Container-based applications have a major effect on storage. It's important to assess the benefits, functionalities and providers of container storage.

As container-based applications make their way into production, storage becomes an important consideration for IT operations. The need to store data for these apps has created a new type of storage in recent years called container-native storage.

Also known as cloud-native storage, container-native storage (CNS) is different from traditional storage because it needs to be application-centric, with self-service features for developers or application owners. CNS also needs to run inside containers and work with the Kubernetes container orchestration platform.

There are CNS products already, and there will likely be more. Here are a few considerations to keep in mind.

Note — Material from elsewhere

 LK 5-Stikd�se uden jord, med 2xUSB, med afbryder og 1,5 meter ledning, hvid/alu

What is container-native storage?

Just as the popularization of VMs changed the game for storage, so, too, does the rise of container-based applications. Hypervisors with VMs virtualize the hardware stack; containers virtualize the operating system. Each container includes all resources needed to run a software application. That makes them more portable than VMs. Groups of containers -- called pods -- can move freely between Kubernetes clusters running on premises and in public clouds.

CNS is a form of software-defined storage (SDS) that runs inside a container cluster, creating a storage pool from drives inside each host. As a result, CNS can run anywhere on premises or in public clouds as data moves between data centers and cloud providers. This process is different from container storage interface (CSI) drivers that enable storage systems and traditional SDS products to make their storage capacity and features available in Kubernetes.

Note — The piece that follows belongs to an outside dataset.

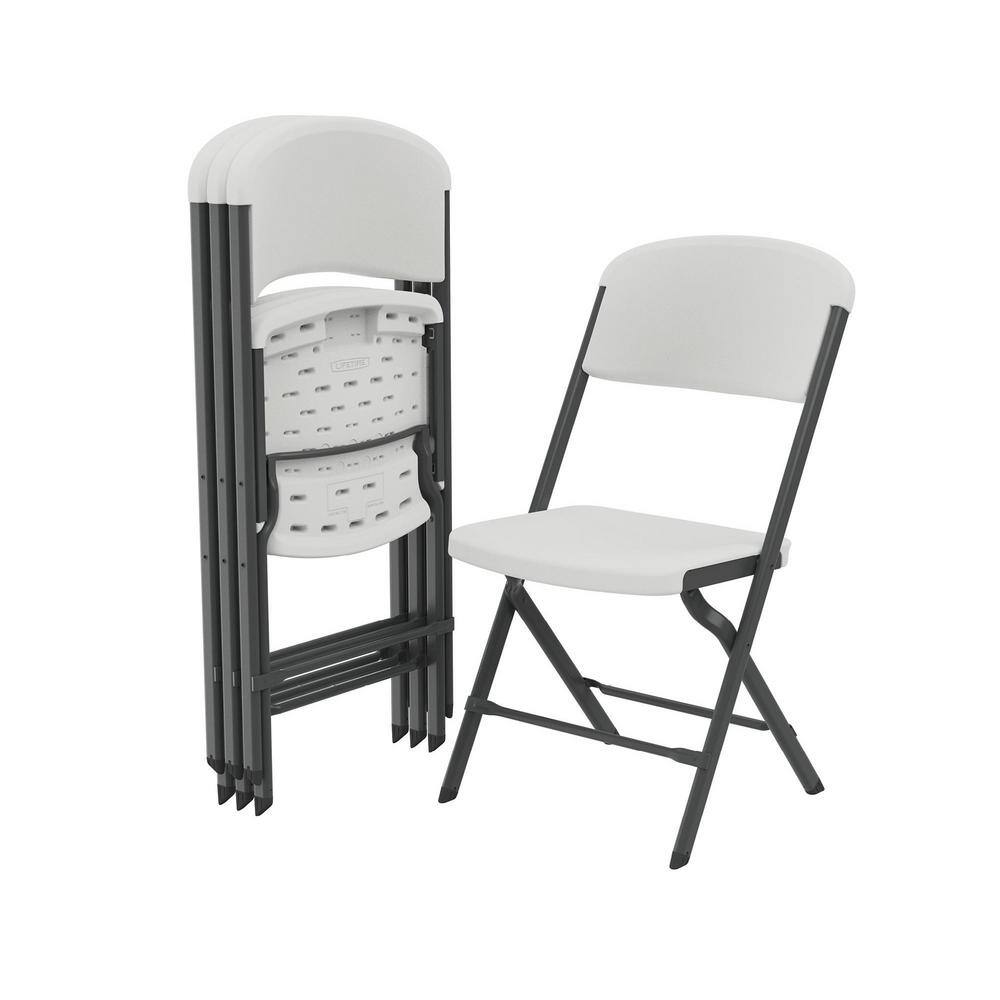 Lifetime Almond Resin Contoured Seat Commercial Grade Office Folding Chair (Set of 4) 81157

Traditional products with CSI -- known as container-ready storage -- do not enable the portability required by containers. CNS attaches to an application and stays with it through the app's development and deployment lifecycles, as it moves from on premises to public clouds and between public clouds. Traditional storage with CSI drivers does not do that.

How CNS compares to other storage

Like other types of SDS, container-native storage pools capacity and compute across standard hardware. A good way to think of CNS is like hyper-converged infrastructure (HCI) for containers. Like HCI, container-native storage combines storage, server and virtualization into a common platform. The key difference is that CNS runs inside containers and the Kubernetes orchestration platform manages it, while HCI runs as a VM and a hypervisor manages it.

Stat of how container use helps application development

A central SAN does not typically manage HCI nor container-native storage. Just as virtual administrators often provision and manage storage in HCI, DevOps teams usually manage container-native storage. Kubernetes integration enables developers to provision storage through tools they already know. But while developers and cloud admins may have responsibility for hands-on deployment, IT operations teams are responsible for governance of data stored on CNS and need to be familiar with these products.

Top CNS vendors

As is the case with most emerging storage trends, early CNS vendors are mainly startups. There are two notable exceptions: Red Hat OpenShift Data Foundation (ODF) and Pure Storage's Portworx. Red Hat ODF is part of Red Hat's OpenShift container platform and was called OpenShift Container Storage until March 2021. OpenShift is part of the IBM family following IBM's 2019 acquisition of Red Hat.

Portworx launched its software built specifically for container storage in 2016. Flash array vendor Pure acquired Portworx for $370 million in late 2020. Pure continues to sell Portworx software independent of its arrays; although, it is integrating in some areas, beginning with Portworx PX-Backup software on Pure's FlashBlade backup target.

A good way to think of container-native storage is like hyper-converged infrastructure for containers.

Other startups with storage software running inside containers include Diamanti, Ionir, MayaData, and StorageOS.

Most major storage vendors support the CSI driver that enables their arrays to store data from container-based apps. But this will not be enough as these apps proliferate. The Pure-Portworx case is an example of how these products differ. Pure supports CSI for its FlashArray and FlashBlade systems that admins manage as traditional storage, but the vendor sells Portworx for DevOps storage.

Top CNS features to consider

CNS ties into Kubernetes through APIs. Developers can provision persistent storage volumes in the orchestration platform they know, rather than put in a request to a SAN administrator. CNS supports dynamic provisioning in Kubernetes, which enables storage provisioning on demand. Other key Kubernetes functions that CNS supports include persistent volumes, persistent volume claims and storage classes.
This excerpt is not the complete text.